Garrick Inn.High Street, 00-44-1789-292186. Little is known about Shakespeare's death, but one story is that he died after a big drinking session, possibly at the Garrick. With its Tudor facade, low ceilings and old-world feel, this is Stratford's most famous pub.

5 places to go

Shakespeare's Houses Gardens.Shakespeare Birthplace Trust, 00-44-1789- 204016, shakespeare.org.uk. The five houses run by the Shakespeare Birthplace Trust are must-sees. Shakespeare's Birthplace, Hall's Croft, Nash's House and New Place are close to one another. Mary Arden's and Anne Hathaway's homes are a taxi ride away. The combined and family tickets are excellent value.

Stratford-upon-Avon Butterfly Farm.Swan's Nest Lane, 00-44-1789-299288, butterflyfarm.co.uk. In recognition that four-year-olds are not as thrilled by Hamlet as adults, the town has lots of distractions for children. This butterfly farm, the largest in Europe, also has many other insects, plus Arachnoland, home of the world's largest spider, a scorpion colony and other "spinners of webs and dealers of death".

The Falstaff Experience. 40 Sheep Street, 00-44-1789 298070, falstaffexperience. co.uk. Part ghost museum, part Tudor heritage site, and well worth a visit – though not if you're scared of things that go bump in the night.

The Creaky Cauldron.21 Henley Street, 00-44-1789- 290969, seekthemagic.org. From the ghost of Hamlet's father to the witches in Macbeth, Shakespeare's plays are full of the supernatural. The Creaky Cauldron bills itself as one of the best haunted museums in England.

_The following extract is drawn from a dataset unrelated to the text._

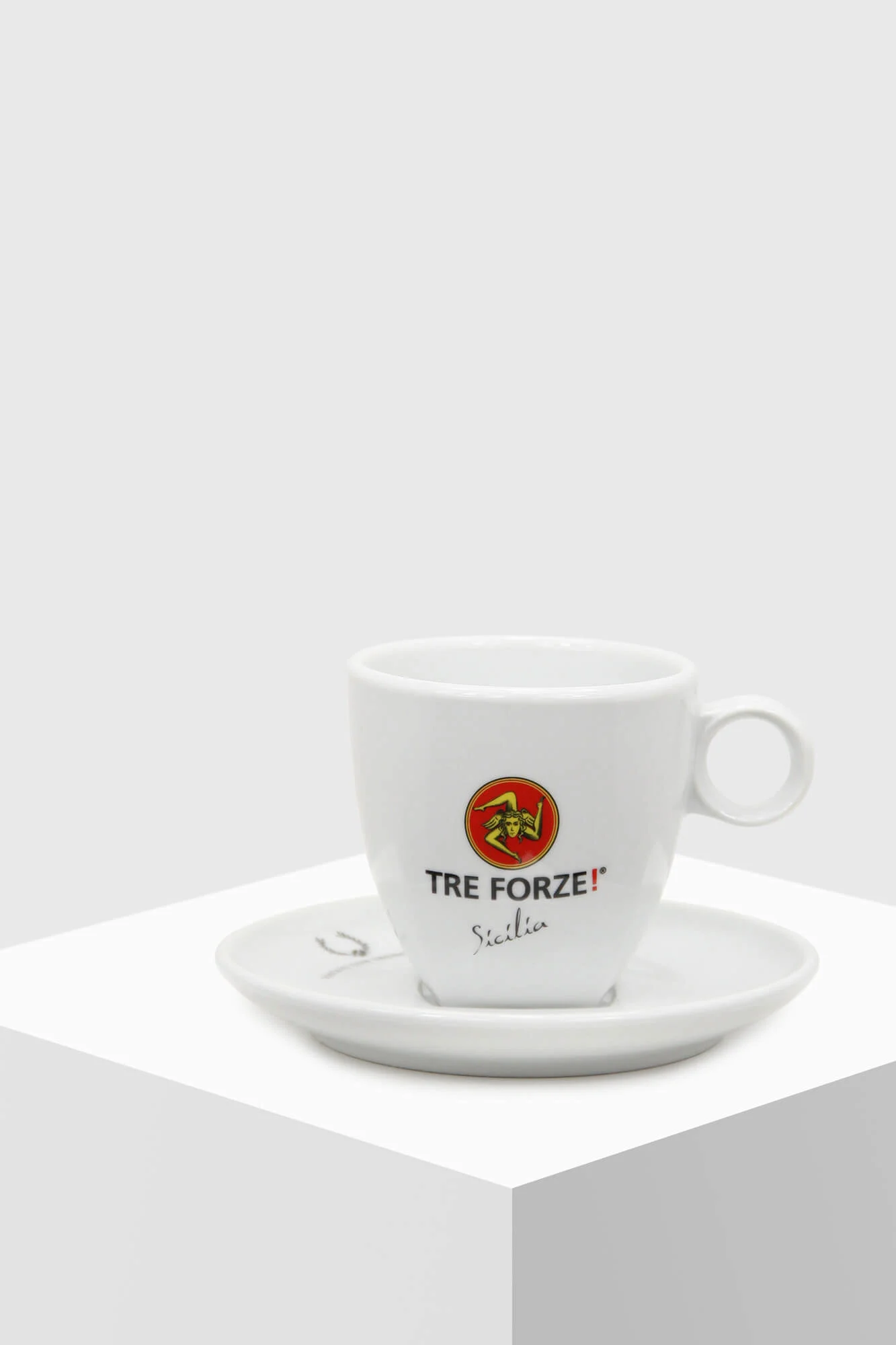 Tre Forze Milchkaffeetasse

Harvard House.High Street, 00-44-1789-204507. This house celebrates the life of the town's other most famous son, John Harvard. Strictly speaking he was from London, but his mother grew up in this house. A preacher who emigrated to the New World, he bequeathed half his fortune to the university that would be named after him.

Hot spot

Bancroft Gardens. Waterside, 00-44-1789-260616, stratford.gov.uk. Now it’s spring, everyone is sitting in this park by the Royal Shakespeare Theatre, watching the street entertainers – and the boats and swans going by.

Shop spot

Stratford-upon-Avon Butterfly Farm. Swan’s Nest Lane, 00-44-1789-299288, butterflyfarm.co.uk. The gift shop here sells high-quality wildlife gifts and books, toys, puzzles and fabulous jewellery – plus delicious biscuits, confectionery and ice cream.

Coffee spot

The Taming of the Brew. Creaky Cauldron, 21 Henley Street, 00-44-1789-290969, seekthemagic.org. Serves a range of unusual teas, including mint-and-chilli and seven other mint-based teas, plus organic, fairly traded and ethically sourced coffee and hot chocolate.

Go there:Aer Lingus (aerlingus.com) flies to Birmingham, 30 minutes from Stratford, from Dublin and Cork. Ryanair (ryanair.com) flies from Dublin and Derry. Aer Arann (aerarann.com) flies from Waterford. BMI (flybmi.com) flies from Belfast and Knock.